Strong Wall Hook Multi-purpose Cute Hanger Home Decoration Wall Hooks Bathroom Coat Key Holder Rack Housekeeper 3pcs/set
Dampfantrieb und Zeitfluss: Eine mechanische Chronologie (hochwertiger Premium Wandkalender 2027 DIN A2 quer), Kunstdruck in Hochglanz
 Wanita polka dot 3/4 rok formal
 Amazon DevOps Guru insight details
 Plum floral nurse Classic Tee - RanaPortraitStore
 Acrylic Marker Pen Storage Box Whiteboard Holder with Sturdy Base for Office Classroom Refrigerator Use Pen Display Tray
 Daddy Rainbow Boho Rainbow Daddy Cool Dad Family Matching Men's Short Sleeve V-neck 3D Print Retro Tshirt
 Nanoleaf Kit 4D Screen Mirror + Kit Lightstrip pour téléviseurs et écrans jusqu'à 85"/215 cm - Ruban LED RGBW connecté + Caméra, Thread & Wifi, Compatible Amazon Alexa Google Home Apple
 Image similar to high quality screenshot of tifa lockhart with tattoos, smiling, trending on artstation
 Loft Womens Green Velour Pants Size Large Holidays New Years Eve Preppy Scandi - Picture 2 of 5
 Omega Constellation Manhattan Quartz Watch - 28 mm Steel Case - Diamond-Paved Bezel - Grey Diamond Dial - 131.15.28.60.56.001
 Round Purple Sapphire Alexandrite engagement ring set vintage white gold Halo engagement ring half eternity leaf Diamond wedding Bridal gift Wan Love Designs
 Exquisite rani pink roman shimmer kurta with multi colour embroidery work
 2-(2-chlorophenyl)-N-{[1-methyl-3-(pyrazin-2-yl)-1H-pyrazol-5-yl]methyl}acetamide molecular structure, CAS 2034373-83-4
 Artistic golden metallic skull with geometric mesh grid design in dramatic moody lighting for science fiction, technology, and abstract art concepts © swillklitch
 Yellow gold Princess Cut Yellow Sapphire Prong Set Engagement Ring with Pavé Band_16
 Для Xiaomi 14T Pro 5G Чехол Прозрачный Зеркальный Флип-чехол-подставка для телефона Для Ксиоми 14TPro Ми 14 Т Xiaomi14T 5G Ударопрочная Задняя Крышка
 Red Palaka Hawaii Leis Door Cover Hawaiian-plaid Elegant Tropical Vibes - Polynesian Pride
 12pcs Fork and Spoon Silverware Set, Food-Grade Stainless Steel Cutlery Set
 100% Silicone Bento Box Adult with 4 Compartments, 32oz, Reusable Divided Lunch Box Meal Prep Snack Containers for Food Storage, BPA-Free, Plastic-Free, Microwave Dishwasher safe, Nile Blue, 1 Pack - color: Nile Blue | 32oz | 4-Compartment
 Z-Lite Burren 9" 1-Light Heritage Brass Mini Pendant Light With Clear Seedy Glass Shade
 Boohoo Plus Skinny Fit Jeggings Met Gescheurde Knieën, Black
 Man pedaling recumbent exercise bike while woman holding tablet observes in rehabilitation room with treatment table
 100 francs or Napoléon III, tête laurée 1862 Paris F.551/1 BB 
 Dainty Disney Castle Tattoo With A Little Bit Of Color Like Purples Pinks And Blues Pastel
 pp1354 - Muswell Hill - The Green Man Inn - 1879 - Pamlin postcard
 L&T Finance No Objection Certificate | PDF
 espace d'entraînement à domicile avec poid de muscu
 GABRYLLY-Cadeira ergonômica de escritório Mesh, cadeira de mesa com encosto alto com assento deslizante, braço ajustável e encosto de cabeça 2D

· · ·

• Task objective
Could you copy each line of the material that holds "Sapphire"?

• Written answer
 Round Purple Sapphire Alexandrite engagement ring set vintage white gold Halo engagement ring half eternity leaf Diamond wedding Bridal gift Wan Love Designs
 Yellow gold Princess Cut Yellow Sapphire Prong Set Engagement Ring with Pavé Band_16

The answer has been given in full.